But he noted that the situation has become increasingly complicated as rebel groups fight each other and attack civilians, resulting in "a vacuum of justice, of civility, of local government, land rights, humanity. As in any apocalypse, the ones left standing begin to fight for survival. The rebel groups can and have engaged in horrific acts of violence."
Mr. Clooney said a durable peace will only emerge when all the parties sit down together "and begin the long process of talks. There's 2.5 million people who want to go back to their homes and not live in misery."
Before briefing the press today, Mr. Clooney was formally presented with a Messenger of Peace certificate and dove pin by Deputy Secretary-General Asha-Rose Migiro. The Oscar-winning artist was officially designated as a Messenger of Peace, with a special focus on peacekeeping, earlier this month.

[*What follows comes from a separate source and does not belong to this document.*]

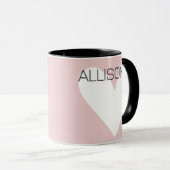 Individuelle Name Text Simple Heart Allison Tasse (VorderseiteRechts)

He also held talks with Ms. Holl Lute and the Under-Secretary-General for Communications and Public Information, Kiyotaka Akasaka.
Asked about his status as a celebrity Messenger of Peace, Mr. Clooney observed that it was becoming increasingly difficult challenge to get "things that are truly important to us" on the news or the international radar.
"It seems as if at times celebrity can bring that focus. It can't make the policies, it can't change people's minds really. But you can bring a camera where you go because they'll follow you and you can shine a light on it. That seems to be my job in this."